Today, the house of Breguet continues in this vein – innovation, invention and vision are the brand’s goals, each to be aimed for without ever losing sight of the art of haute horology craftsmanship.
This may well be why the brand has registered more than 100 patents in the past ten years, including several that advanced the technology within the tourbillon escapement, materials and technology. Among those advancements: the Twin Tourbillon (patented in 2006) and the winding stem and time-setting device for the Twin Tourbillon. Additionally, the brand works with silicium and forward-thinking materials to blend past, present and future into time.
Inside
A walk through the Breguet factory proves its dedication to that creed. This is a brand that has changed nearly its entire watch collection in the past five years. Its staff has grown in the past decade from about 250 watchmakers and artisans to 1,000. From the raw materials to the making of the tools with which to create the watches, to the movement parts and more – Breguet is a vertically integrated manufacture that puts precision and craftsmanship first. Every watch that is built carries its own serial number and each undergoes excessive testing and quality control before being sold and logged into the continuously kept Breguet ledgers.
Within the Manufacture – which is currently undergoing expansion – each important aspect of watchmaking has its own home. The Sympathetique clock and Traditional watches are built in the Marie Antoinette room (these watches are also made here) in which twenty master craftsmen toil to create these special pieces.
There is a separate top-secret room where the brand’s incredible array of tourbillons is built. In fact, Breguet is among the largest producers of tourbillons anywhere, and it has the largest offering of the whirling wonders on the market with twenty-one different types of tourbillons and seven different tourbillon cages.

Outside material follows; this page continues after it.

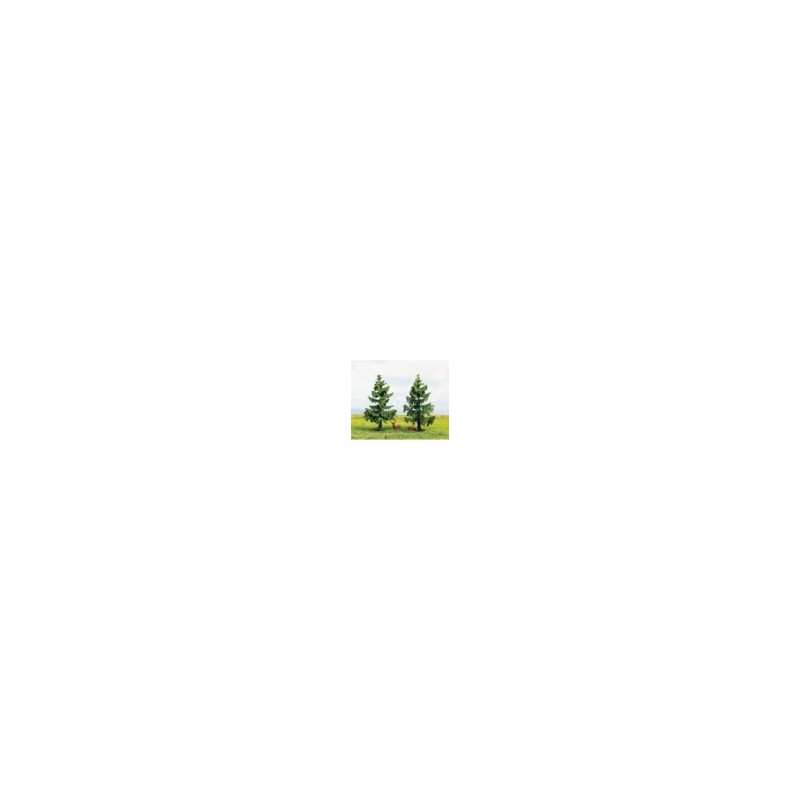 Model Spruce Trees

Another room houses the specialists responsible for building the brand’s minute repeaters and the Musicale. Engraving, polishing and finishing takes place in a larger area where artisans work side by side perfecting their art on metal. Breguet even makes and tests the chain and fusee for its fusee and chain watches in its workshops.
Of course watch movement assembly, watch assembly, complete on-premises dial stamping and much more all exist symbiotically – much the way traditional watchmaking was done in the past, but with a distinctive look to the future thanks to computers, high-tech materials and top-secret engineering feats.